WORK ITEM: Every line of the data is to be retyped exactly.

DATA TO EXAMINE:
=== Section Start ===

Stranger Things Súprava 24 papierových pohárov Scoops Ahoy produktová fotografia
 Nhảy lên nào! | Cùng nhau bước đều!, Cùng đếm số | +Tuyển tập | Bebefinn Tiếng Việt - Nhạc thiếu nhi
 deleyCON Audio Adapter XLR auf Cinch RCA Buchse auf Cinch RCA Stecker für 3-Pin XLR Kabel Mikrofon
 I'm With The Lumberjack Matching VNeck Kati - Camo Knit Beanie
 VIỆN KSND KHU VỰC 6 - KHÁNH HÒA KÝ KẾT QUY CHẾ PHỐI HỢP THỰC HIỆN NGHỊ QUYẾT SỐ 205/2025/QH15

=== Section End ===

TASK RESULT:
Stranger Things Súprava 24 papierových pohárov Scoops Ahoy produktová fotografia
 Nhảy lên nào! | Cùng nhau bước đều!, Cùng đếm số | +Tuyển tập | Bebefinn Tiếng Việt - Nhạc thiếu nhi
 deleyCON Audio Adapter XLR auf Cinch RCA Buchse auf Cinch RCA Stecker für 3-Pin XLR Kabel Mikrofon
 I'm With The Lumberjack Matching VNeck Kati - Camo Knit Beanie
 VIỆN KSND KHU VỰC 6 - KHÁNH HÒA KÝ KẾT QUY CHẾ PHỐI HỢP THỰC HIỆN NGHỊ QUYẾT SỐ 205/2025/QH15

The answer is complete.